A recent post from James McGovern reminded me about some thoughts I had after a few different meetings with vendors.
Vendors have a challenge, and it all stems from a view that they can be the center of the universe. A customer buys their product and builds around it, thereby becoming the “center of the universe” for that customer, exhibiting a gravitational field that attempts to mandate that all other products abide by its laws of physics. In other words, every other product must integrate with it, but that’s the responsibility of those products. For reasons I went into in my last post, that doesn’t work well. It’s a very inward-facing view rather than being the consumer-oriented view.

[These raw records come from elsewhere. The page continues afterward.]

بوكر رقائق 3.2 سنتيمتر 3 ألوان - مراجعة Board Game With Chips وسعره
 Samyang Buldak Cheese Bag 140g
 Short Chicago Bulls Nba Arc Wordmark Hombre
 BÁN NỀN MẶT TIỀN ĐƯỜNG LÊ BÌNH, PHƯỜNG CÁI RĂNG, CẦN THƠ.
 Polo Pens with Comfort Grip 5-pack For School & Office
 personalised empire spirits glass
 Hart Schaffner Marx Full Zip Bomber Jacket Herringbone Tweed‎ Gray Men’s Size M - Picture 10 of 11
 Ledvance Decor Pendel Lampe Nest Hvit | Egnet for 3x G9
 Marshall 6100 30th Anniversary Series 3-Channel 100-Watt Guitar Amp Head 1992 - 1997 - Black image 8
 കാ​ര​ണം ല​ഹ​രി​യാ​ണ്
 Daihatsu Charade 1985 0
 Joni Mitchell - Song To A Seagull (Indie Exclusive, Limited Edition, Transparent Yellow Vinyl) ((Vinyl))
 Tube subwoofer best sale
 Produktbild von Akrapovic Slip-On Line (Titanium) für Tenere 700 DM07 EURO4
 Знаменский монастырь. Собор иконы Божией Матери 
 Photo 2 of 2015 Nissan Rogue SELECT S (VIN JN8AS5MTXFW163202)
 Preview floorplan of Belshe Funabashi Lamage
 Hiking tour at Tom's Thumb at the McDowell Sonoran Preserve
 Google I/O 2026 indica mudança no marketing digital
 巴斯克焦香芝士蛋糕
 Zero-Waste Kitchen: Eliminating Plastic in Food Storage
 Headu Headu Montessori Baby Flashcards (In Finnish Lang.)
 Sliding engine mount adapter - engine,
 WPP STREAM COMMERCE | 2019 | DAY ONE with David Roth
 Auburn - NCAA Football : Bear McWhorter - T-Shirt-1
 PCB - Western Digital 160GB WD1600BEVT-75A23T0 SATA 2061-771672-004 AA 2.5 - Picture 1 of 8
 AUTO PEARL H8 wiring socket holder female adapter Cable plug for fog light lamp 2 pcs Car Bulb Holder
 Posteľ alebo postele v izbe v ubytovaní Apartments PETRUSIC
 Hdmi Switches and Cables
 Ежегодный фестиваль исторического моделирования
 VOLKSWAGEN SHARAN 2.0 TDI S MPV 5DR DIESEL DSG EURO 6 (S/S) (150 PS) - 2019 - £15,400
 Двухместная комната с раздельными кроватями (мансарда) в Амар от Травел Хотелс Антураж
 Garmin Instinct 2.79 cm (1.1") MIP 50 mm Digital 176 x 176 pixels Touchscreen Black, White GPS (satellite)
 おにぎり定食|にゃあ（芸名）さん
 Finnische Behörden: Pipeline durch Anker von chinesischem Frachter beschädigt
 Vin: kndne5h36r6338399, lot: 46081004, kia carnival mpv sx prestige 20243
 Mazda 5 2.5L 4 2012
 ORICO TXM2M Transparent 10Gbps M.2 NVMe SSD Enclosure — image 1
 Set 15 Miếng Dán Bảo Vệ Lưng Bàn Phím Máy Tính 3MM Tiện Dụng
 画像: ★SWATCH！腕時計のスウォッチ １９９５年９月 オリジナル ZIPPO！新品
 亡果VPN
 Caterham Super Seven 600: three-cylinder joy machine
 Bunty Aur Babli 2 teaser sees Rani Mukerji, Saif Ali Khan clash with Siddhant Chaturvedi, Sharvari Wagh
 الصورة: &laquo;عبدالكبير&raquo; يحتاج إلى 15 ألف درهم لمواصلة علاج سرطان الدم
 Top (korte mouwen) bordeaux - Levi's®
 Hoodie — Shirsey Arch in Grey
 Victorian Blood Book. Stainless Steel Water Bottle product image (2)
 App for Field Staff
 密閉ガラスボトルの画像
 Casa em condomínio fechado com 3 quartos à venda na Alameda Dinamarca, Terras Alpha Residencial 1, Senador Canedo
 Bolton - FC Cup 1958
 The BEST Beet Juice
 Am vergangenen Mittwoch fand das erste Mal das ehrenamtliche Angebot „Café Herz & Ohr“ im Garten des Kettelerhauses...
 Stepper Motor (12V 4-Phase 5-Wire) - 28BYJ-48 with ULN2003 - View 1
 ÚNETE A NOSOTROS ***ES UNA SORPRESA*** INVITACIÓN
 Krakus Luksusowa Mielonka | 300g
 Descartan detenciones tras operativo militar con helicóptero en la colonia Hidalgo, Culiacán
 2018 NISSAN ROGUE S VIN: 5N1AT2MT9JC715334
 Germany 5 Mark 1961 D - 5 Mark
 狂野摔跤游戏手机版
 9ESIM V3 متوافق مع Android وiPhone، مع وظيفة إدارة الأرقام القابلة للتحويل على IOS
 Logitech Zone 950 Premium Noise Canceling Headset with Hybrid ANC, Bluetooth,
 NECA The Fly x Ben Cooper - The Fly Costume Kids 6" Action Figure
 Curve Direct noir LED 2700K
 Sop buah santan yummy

The challenge is that even if a vendor didn’t want to come across as the center of the universe, for some customers, it is required. For example, if a customer doesn’t have a handle on enterprise identity management, a vendor can shoot themselves in the foot if their own product doesn’t provide some primitive identity management capabilities to account for customers that don’t have an enterprise solution. In the systems management space, you may frequently hear the term “single pane of glass” intended for the Tier 1 operations person. Once again, however, every monitoring system that deals with a specialized portion of the infrastructure will have its own console. It’s a difficult challenge to open up that console to other monitoring sources, and it’s a difficult challenge to open up the data and events to an outside challenge. So what’s an enterprise to do?
To me, it all comes back to architecture. When evaluating these products, you have to evaluate them for architectural fit. Obviously, in order to do that, you need to have an architecture. The typical functional requirements don’t normal constitute an architecture. You can make this as complicated or as simple as you’d like. A passion of mine tends to be systems management capabilities, so I normally address this in an RFI/RFP with just one question:
Are all of the capabilities that are available in your user-facing management console also available as services callable by another system, orchestration engine, or script?
Now, there are obviously follow-ons to this question, but this does serve to open up the communication. Simply put, the best advice for corporate practitioners is to ensure that you are in charge of your architecture and setting the laws of physics for your universe, not the vendors you choose.
I agree in principal with this. Having an architecture and evaluating your software/vendor purchase against that is a very good idea. I think another big challenge a lot of IT shops face is a business group or a business need that drives a software purchase or vendor selection that IT does not have veto power against. I have seen that many times at a lot of different companies. At that point having a solid integration strategy pays off, especially when these seem to come and go quickly.
In most organizations, there usually is at least one vendor that is more equal than others and becomes the unofficial frame of reference. ERP systems, which become de facto “platforms,” are probably the most obvious examples. In most cases, it’s probably more an accident of history as opposed to some formal corporate standardization scheme.
Hi Todd
I like your RFP question.
Integration and orchestration would be much simpler if vendors’ products were more open but you can understand how this is threatening to their licensing model.
Conversley this merely drives enterprises to find new ways of integrating with “closed” products and this has perhaps resulted in the rise of new vendors with alternative integration approaches, like Openspan, Jacada, Blue Prism and others.
In fairness to the major enterprise vendors, however, not all are so bad and not all want to be centre of the universe.